The deepest fear of the human mind is abandonment.
If our greatest fear is that the people we need won’t be there when we need them most, is it any wonder we try to keep our needs and burdens to ourselves, to avoid that letdown?
If we’re terrified that the people closest to us – the people we long to trust and by whom we need to be loved – will walk away if they knew our deepest selves, it is any wonder that we feel lonely and isolated, unable to truly share ourselves lest we suffer their rejection?
And I think about how our fear of abandonment, instead of being assuaged and lessened by deep trustworthy relationships over our lives, is actually strengthened and confirmed by our experiences.
The baby left to cry himself to sleep learns that he is just too much, too intense, too needy – that no one, not even the people he needs and loves the most, can handle his full range of emotion and personality.
The preschooler sent to her room to tantrum, isolated from her support system when she is most overwhelmed by her own emotions, learns that her anger and disappointment are going to cut her off from the feelings of love and security she craves.
The child bullied at school, dealing with intense rejection from his peer group and unsure of how to fit in and make friends, who then goes home and finds no sympathetic or listening ear, learns – writes deeply into his psyche – his own inadequacy and worthlessness.

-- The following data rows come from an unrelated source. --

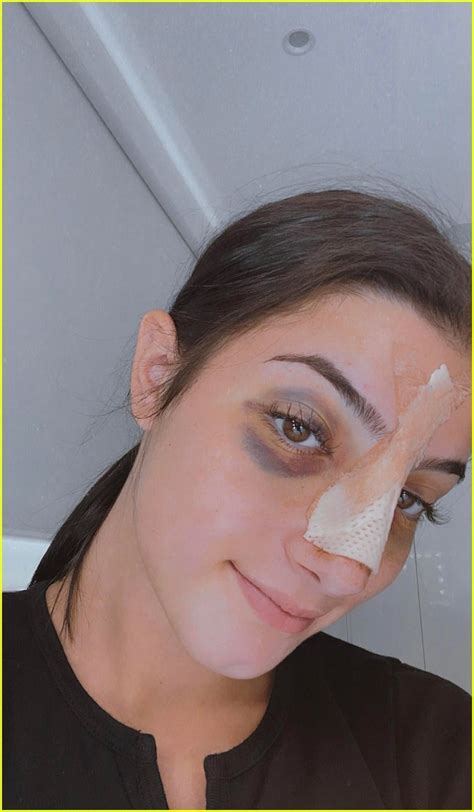 Full Sized Photo Of Charli Damelio Shares New Photos Post Nose Surgery
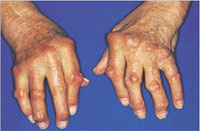 圖三：未積極治療而造成手部關節變形的類風濕性關節炎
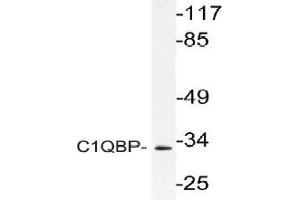 Western blot (WB) analysis of C1QBP antibody in extracts from Jurkat cells.
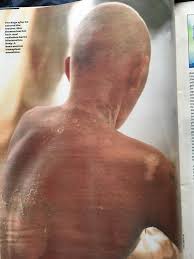 See the article in its original context from may 31, 1986, section 1, page 4 buy. Life Magazine From August 1986 Showing The Victims Of Chernobyl Album On Imgur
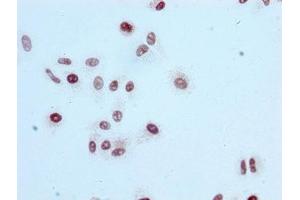 Immunocytochemistry (ICC) image for anti-Histone Cluster 1, H3a (HIST1H3A) (acLys56) antibody (ABIN7127267)
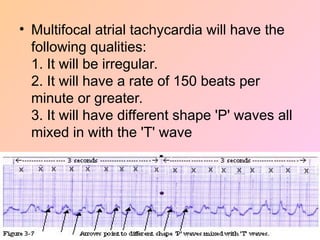 • Multifocal atrial tachycardia will have the
following qualities:
1. It will be irregular.
2. It will have a rate of 150 beats per
minute or greater.
3. It will have different shape 'P' waves all
mixed in with the 'T' wave
 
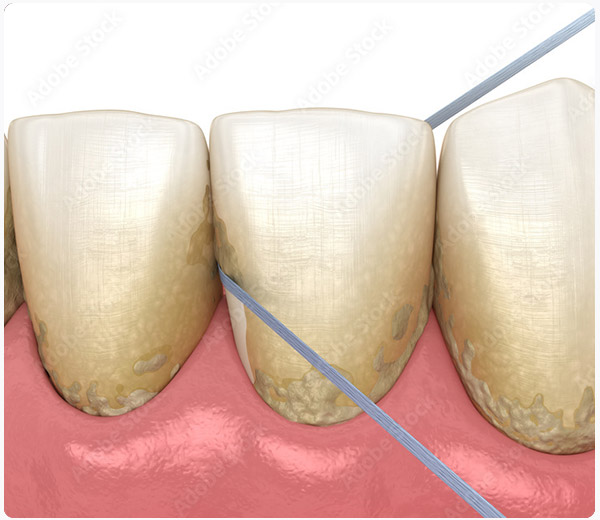 Dental FLoss Flossing Teeth Illustration | My Dental Advocate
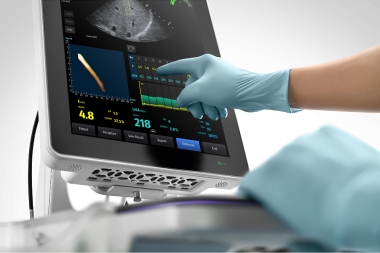 Эластометрия печени с использованием аппарата Hepatus 5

We learn, as we grow, that the intensity and depth of our needs, the power of our emotions, and the uniqueness of our personalities contain things that no one else cares enough about to deal with – that the cry of our hearts for unconditional love will go unanswered. So teenagers hide their fears and questions and doubts and struggles from their parents because they’re afraid of being shot down and pushed away again. Spouses keep secrets and avoid topics of conversation because they’re afraid of conflict and disagreement leading to rejection and separation. We isolate ourselves so that we can avoid abandonment – we choose self-inflicted loneliness over the loneliness that whispers in our ears, “no one loves you; no one will ever love; you are not worthy of love.”
I remember in the early years of my marriage sitting in the car reciting psalms to myself before I could bring myself to go into our apartment, because I was so afraid that this beautiful relationship I had would suddenly and inexplicably fall apart – such is the depth and irrationality of this human fear of abandonment.
It takes incredible courage to open our soul to another, to risk this most fierce and desolate pain. We’re so often callous and insensitive to those are daring it, perhaps in ignorance, perhaps in self-protection – for to love another imperfect person unconditionally is also one of the most difficult things we can do. And yet this mutual dance of daring and difficulty, of risk and response, is where we can begin to redeem our broken covenants and communities.
Let us love each other with Christ’s love and allow ourselves to be loved in return; let us strive to know each other with grace and open our hearts to be known intimately in return. There is no great beauty without great labor and at least the risk of great pain.